天池學習記錄——O2O優惠券使用預測賽題[1]

soasme 發布于2019-07-30 16:52 / 2514人閱讀

摘要：然而隨機投放的優惠券對多數用戶造成無意義的干擾。下面我們分別對訓練集中的類數據對優惠券使用的影響進行分析。在里有兩種折扣方法代表折扣率表示滿減。這里我們還要將滿減類型用式子轉換成折扣率。進行預測計算平均得到結果。

賽題說明

應用背景：以優惠券盤活老用戶或吸引新客戶進店消費是O2O（Online to Offline）的一種重要營銷方式。然而隨機投放的優惠券對多數用戶造成無意義的干擾。對商家而言，濫發的優惠券可能降低品牌聲譽，同時難以估算營銷成本。而個性化投放是提高優惠券核銷率的重要技術，它可以讓具有一定偏好的消費者得到真正的實惠，同時賦予商家更強的營銷能力。

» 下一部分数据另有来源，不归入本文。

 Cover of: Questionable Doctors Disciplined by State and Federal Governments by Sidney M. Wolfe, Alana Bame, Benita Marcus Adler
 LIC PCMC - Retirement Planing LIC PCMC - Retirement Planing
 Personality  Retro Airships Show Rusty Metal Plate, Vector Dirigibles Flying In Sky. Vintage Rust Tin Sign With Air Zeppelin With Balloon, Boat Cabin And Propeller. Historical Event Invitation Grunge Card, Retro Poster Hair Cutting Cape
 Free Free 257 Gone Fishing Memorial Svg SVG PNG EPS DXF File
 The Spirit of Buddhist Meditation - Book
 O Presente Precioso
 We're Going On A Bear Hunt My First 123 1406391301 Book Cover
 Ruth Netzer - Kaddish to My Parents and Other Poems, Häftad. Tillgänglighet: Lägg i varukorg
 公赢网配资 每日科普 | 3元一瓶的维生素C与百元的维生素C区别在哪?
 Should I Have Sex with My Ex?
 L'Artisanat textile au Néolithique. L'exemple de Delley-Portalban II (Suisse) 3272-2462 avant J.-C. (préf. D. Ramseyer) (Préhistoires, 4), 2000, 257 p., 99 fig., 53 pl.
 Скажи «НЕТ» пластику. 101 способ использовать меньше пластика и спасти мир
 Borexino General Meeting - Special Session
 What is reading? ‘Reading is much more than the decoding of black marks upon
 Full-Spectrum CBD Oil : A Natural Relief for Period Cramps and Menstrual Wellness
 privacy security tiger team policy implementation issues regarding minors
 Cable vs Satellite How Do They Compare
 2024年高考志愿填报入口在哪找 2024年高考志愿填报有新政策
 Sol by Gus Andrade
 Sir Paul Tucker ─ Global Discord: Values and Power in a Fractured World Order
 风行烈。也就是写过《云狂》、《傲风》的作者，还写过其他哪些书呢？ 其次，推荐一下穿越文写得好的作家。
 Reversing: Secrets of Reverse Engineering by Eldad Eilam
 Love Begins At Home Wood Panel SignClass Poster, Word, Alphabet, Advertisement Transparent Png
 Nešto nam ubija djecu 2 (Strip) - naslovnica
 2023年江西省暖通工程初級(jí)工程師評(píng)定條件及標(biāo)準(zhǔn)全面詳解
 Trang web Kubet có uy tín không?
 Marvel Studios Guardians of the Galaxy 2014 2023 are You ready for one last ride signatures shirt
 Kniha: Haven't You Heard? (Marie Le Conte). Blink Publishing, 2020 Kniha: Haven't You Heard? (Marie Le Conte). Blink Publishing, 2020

目標：根據提供的O2O場景相關的豐富數據，通過分析建模，精準預測用戶是否會在規定時間內使用相應優惠券。

數據分析

讀取數據：

我們看到在 offline 訓練數據集中有以下 7 類數據：
User_id
Merchant_id
Coupon_id
Discount_rate
Distance
Date_received
Date

當 Coupon_id 為 null 時表示無優惠券消費，此時Discount_rate和Date_received字段無意義。

具體字段意義請參考賽題鏈接。

根據 Coupon_id 和 Date 是否為 null，可以將數據分為四種類型：

print("有優惠券，購買商品條數", dfoff[(dfoff["Coupon_id"] != "null") & (dfoff["Date"] != "null")].shape[0])
print("無優惠券，購買商品條數", dfoff[(dfoff["Coupon_id"] == "null") & (dfoff["Date"] != "null")].shape[0])
print("有優惠券，沒有購買商品條數", dfoff[(dfoff["Coupon_id"] != "null") & (dfoff["Date"] == "null")].shape[0])
print("無優惠券，也沒有購買商品條數", dfoff[(dfoff["Coupon_id"] == "null") & (dfoff["Date"] == "null")].shape[0])

得到結果：

其中，75382 表示用優惠券進行了消費的數量，即正樣本；977900 表示領取優惠券但沒有使用，這部分優惠券就被浪費了，即負樣本；701602 表示沒有優惠券的普通消費。

下面我們分別對訓練集中的 7 類數據對優惠券使用的影響進行分析。

1. 優惠券和距離

print("Discount_rate 類型:",dfoff["Discount_rate"].unique())
print("Distance 類型:", dfoff["Distance"].unique())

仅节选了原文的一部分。